Reuben Hills

Having spent five years owning The Source, Russell Beard is no stranger to the specialty coffee scene and neither is Nathan Borg, who was The Source head roaster.

Reuben Hills is their new adventure, a café and roastery they say is all about “staying true to what you want to do”.

The café is located in the trendy inner- city suburb of Surry Hills, a place already teeming with coffee shops. However, with Russell’s reputation in the coffee scene, there’s no doubting the quality and enthusiasm given to the beans here.

The large space has two entrances allowing natural light to flow from both ends, complimenting the sleek design. Polished concrete floors and exposed timber beams complete the look and help to create a welcoming space for the aggregation of passionate coffee drinkers. A semi-circular cutaway above enables customers to view the roastery and coffee lab, something Russell wanted for the café from the outset.

“It took 14 months from start to finish and we always had in mind the fact that we wanted to involve the customers as much as possible and provide them with the opportunity to see the roasting process,” Russell says.
While two impressive German roasting machines are working away upstairs – a 30-kilogram Probat and six-kilogram Giesen, smaller micro-machines are doing their thing downstairs, such as the dual speedster and Mirage espresso machines.
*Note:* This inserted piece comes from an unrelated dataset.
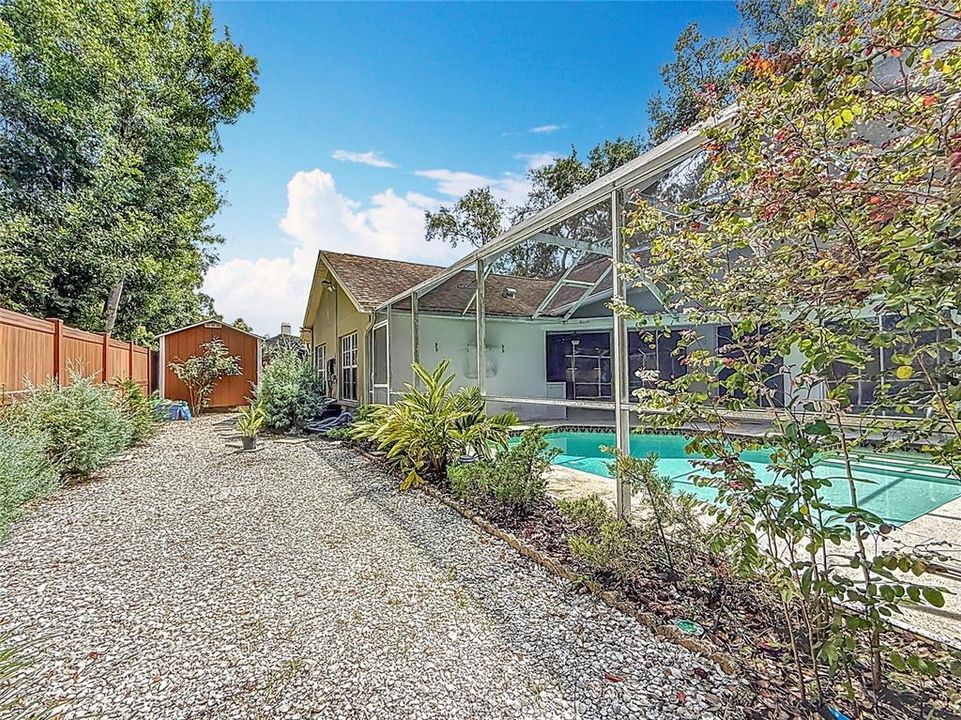 For Rent: $3,000 (3 beds, 2 baths, 1877 Square Feet)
Aeropress filter coffees are available too and public coffee cuppings are held upstairs every friday.

Russell frequently travels to Central and South America to visit the farms during harvest and source the beans directly. Building relationships with the growers is something Russell regards as important. He’s currently sampling beans from Burundi, East Africa and the Mario Enero Jaramillio region in Panama.

One of Reuben Hills stand-outs is a cold filter coffee from Carlos Imbachi’s farm in the Huila, San Agustin region, Columbia, which Russell says is a “wonderful sweet cup, superbly scented with clean fruit notes”.

Coffee aside, Reuben Hills also offers a diverse range of tasty food items. Inspired by Russell’s Latino travels, Head Chef Megan McCulloch (who hails from Heston Blumenthal’s The Hinds Head restaurant in London), has created a menu that is unique and exotic. A popular favourite is the Honduran Baleada – a tortilla stuffed with pimenton spiced pulled-pork or egg, with black beans and cheese. The white chocolate and espresso milkshake and, quite fittingly, a “not-Reuben” sandwich with wagyu salt brisket cannot be overlooked either.